A music director, medievalist in musicology and recorder player, Pedro Memelsdorff was born in Argentina, graduated from the Schola Cantorum in Basle and the Sweelinck Conservatorium in Amsterdam, and obtained a Ph.D. in Musicology from Utrecht University.
As a musician, he has been a member of Jordi Savall’s Hesperion XX/XXI since 1981 and of a duo with Andreas Staier since 1984. In the late 1980s he played contemporary music with the ensemble Broken Consort Zurich. In 1987 he founded the ensemble Mala Punica, specializing in late medieval polyphony, with which he has performed over four hundred concerts in major early-music venues in Europe and America and published eight CDs that have received over forty international awards.
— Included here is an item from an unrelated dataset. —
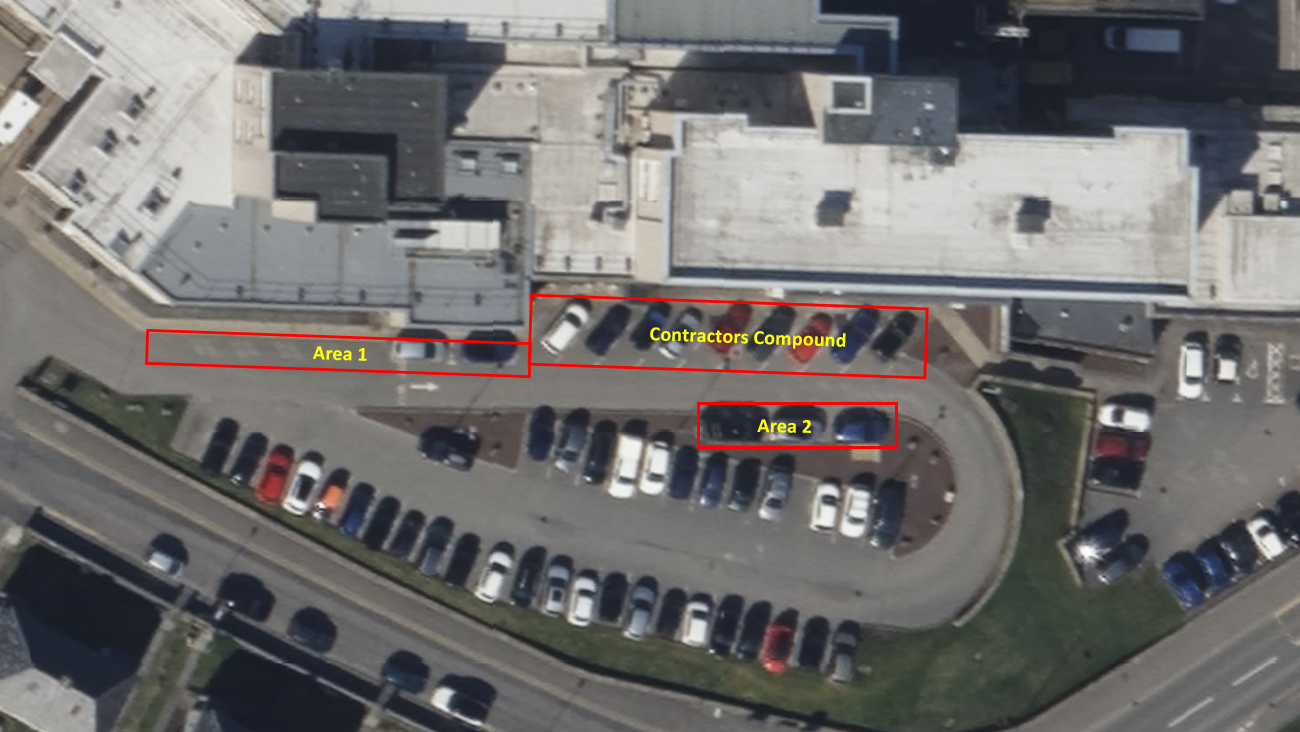 Map of the car parking restrictions. Credit - Microsoft Bing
Memelsdorff and his ensemble Mala Punica have been Artists in Residence at the University of California Davis, at the Amuz in Antwerp, at the Fondation Royaumont in Paris, and Blodgett Distinguished Artists at Harvard University in 2014.
As a musicologist, Memelsdorff regularly publishes in the specialized press. He has authored a monograph on the history and codicology of the Codex Faenza 117 (LIM, Libreria Musicale Italiana, Lucca) and is preparing a further volume on the same MS for Brepols.
A Fellow of Villa I Tatti (Harvard University) in 2003-04, Memelsdorff is now an Affiliate Researcher at the University of Tours, a member of the college of the Confederal PhD programme in Italian Civilization (Switzerland), and of the Study Groups “Transmission of Knowledge as a Primary Aim in Music Education” and “Tablature in Western Music” of the International Musicological Society. He is also a member of the scientific boards of the Journal of the Alamire Foundation, and the Ars nova series of LIM.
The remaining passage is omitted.